Qatar has 2.5 million people being served by about 20 local and international banks, leaving smaller lenders at a disadvantage unless they can find a niche or competitive edge. “With over 50 financial institutions set against a population of 11 million, both retail and commercial banking customers in the UAE have a wealth of choice, ranging from international and local lenders, specialist and commercial banks, and private banks.” Deloitte

Overall, the Middle East region had more than 160 banks serving a regional population of 58 million as of 2019 compared with a dozen commercial banks in the UK catering for a population of 66 million.

THE FIRST WAVE OF M&A WAS DRIVEN BY SHAREHOLDERS’ DESIRE TO REORGANIZE THEIR ASSETS, INCLUDING THE TIE-UP BETWEEN NCB AND SAMBA, A DEAL THAT INVOLVED A COMMON SHAREHOLDER, THE SAUDI ARABIAN GOVERNMENT THROUGH THE PUBLIC INVESTMENT FUND (PIF)

– S&P Global

Market dynamics

Banks in the Middle East are pro-innovation and industry experts see them continuing to dominate the emerging markets banking landscape as the sector goes more digital. The outbreak of the pandemic presented an opportunity for the global financial service sector to accelerate and strengthen the digitalisation of complex processes and end-to-end customer journeys across the front, middle and back offices, a trend that was already in full throttle in the Middle East.

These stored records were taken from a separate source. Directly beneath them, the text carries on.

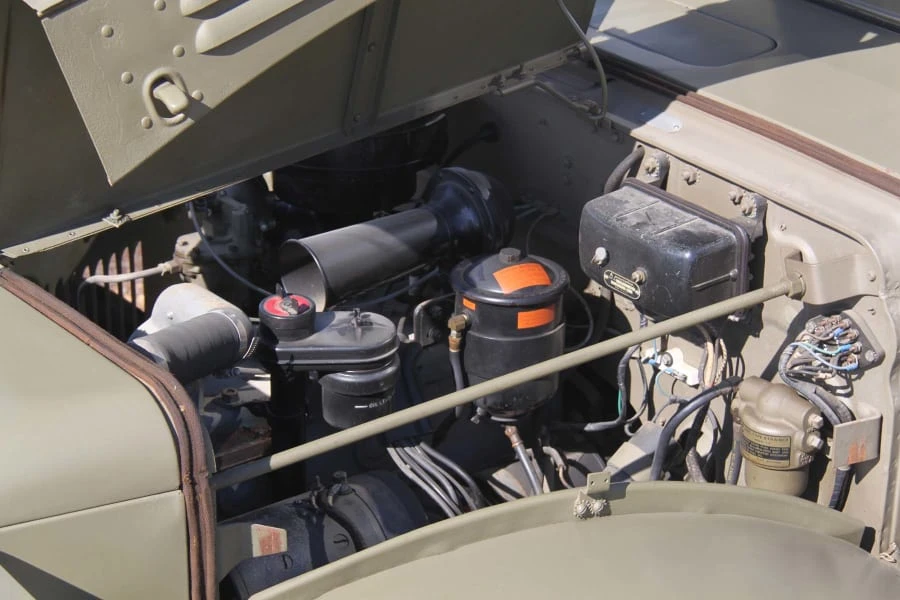 1942 Dodge Military Vehicles - Image 5 of 8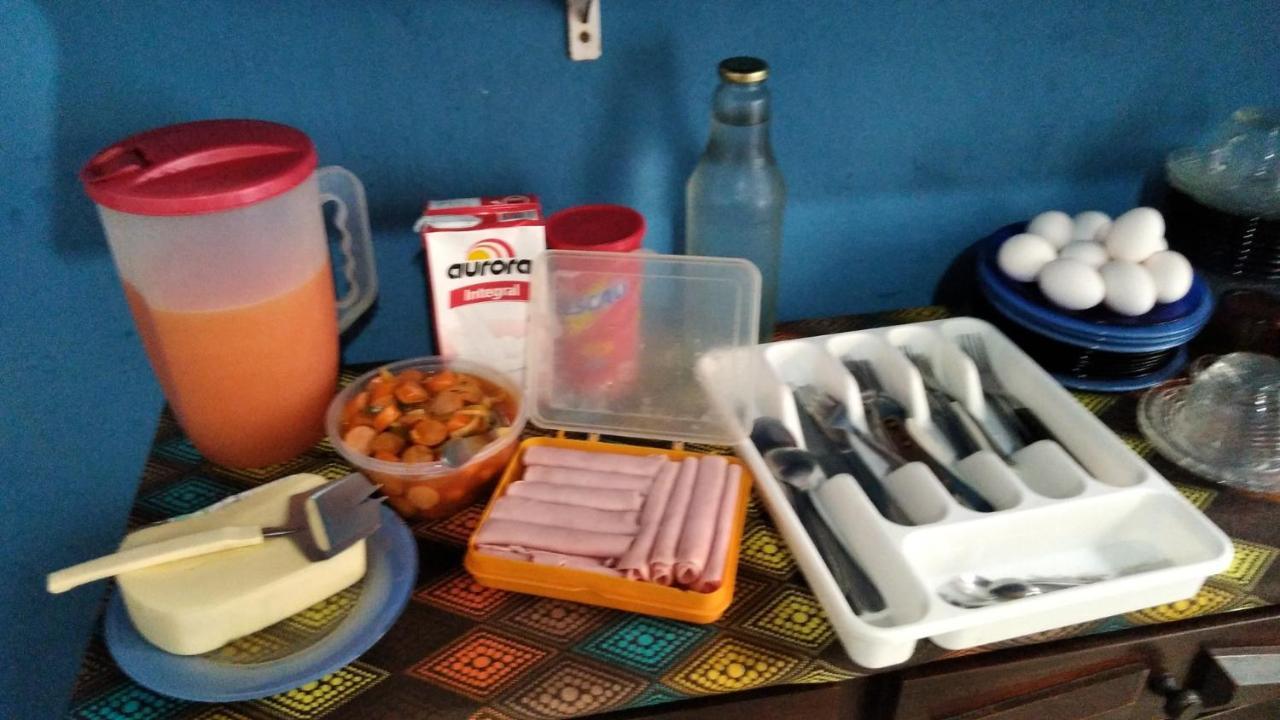 Casa Da Cacaia E Do Henrique Hostel Rio de Janeiro Ngoại thất bức ảnh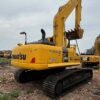 PC240-Side-Profile-1 China-Mini-Excavator-Komatsu-PC240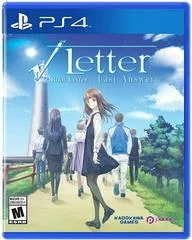 Carátula de Root Letter: Last Answer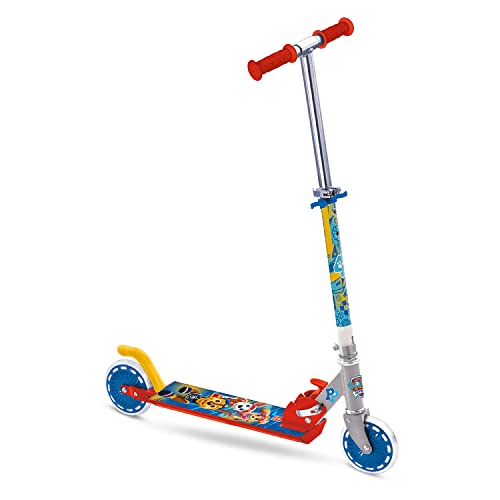 Mondo Toys - Aluminiumroller für Jungen / Mädchen PAW PATROL - verstellbarer Lenker - 2 Räder - 28296 Mondo Toys - Aluminiumroller für Jungen / Mädchen PAW PATROL - verstellbarer Lenker - 2 Räder - 28296 von Mondo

Deloitte said that the digitisation of banking services is another spur for consolidation, as larger banks are better equipped to navigate and capitalise on these market changes. For smaller regional banks, operating expenses are expected to increase significantly due to requisite investments in the new technologies to bolster digital strategies and improve operational efficiency, tasks that can be made easier with stronger balance sheets.

Meanwhile, banks in the Middle East are still battling with problem loans owing to the property and retail slump, a crucial sector for regional economies which has been sluggish for years on the back of high supply vs a weaker demand.

Real estate assets in the Middle East continue to face downward pricing pressure despite a rebound in 2021 and banks with a heavy concentration in the sector are also likely to report increased impairments on their books. M&A in such instances may serve among other things to diversify such risks and provide access to new platforms of capital.

Last December, the UAE central bank said that it would use new criteria to supervise banks’ exposure to real estate by introducing an “enhanced framework” that covers all types of on-balance-sheet loans and investments, and off-balancesheet exposures to the sector.

The emergence of new strains of COVID-19 has increased growth risks and policymaking challenges globally. However, the general business and operating environment for banks in the Middle East are expected to remain broadly the same this year as in 2021. On the M&A front, a saturated banking market and sluggish economic growth are expected to push regional lenders to look for expansion abroad.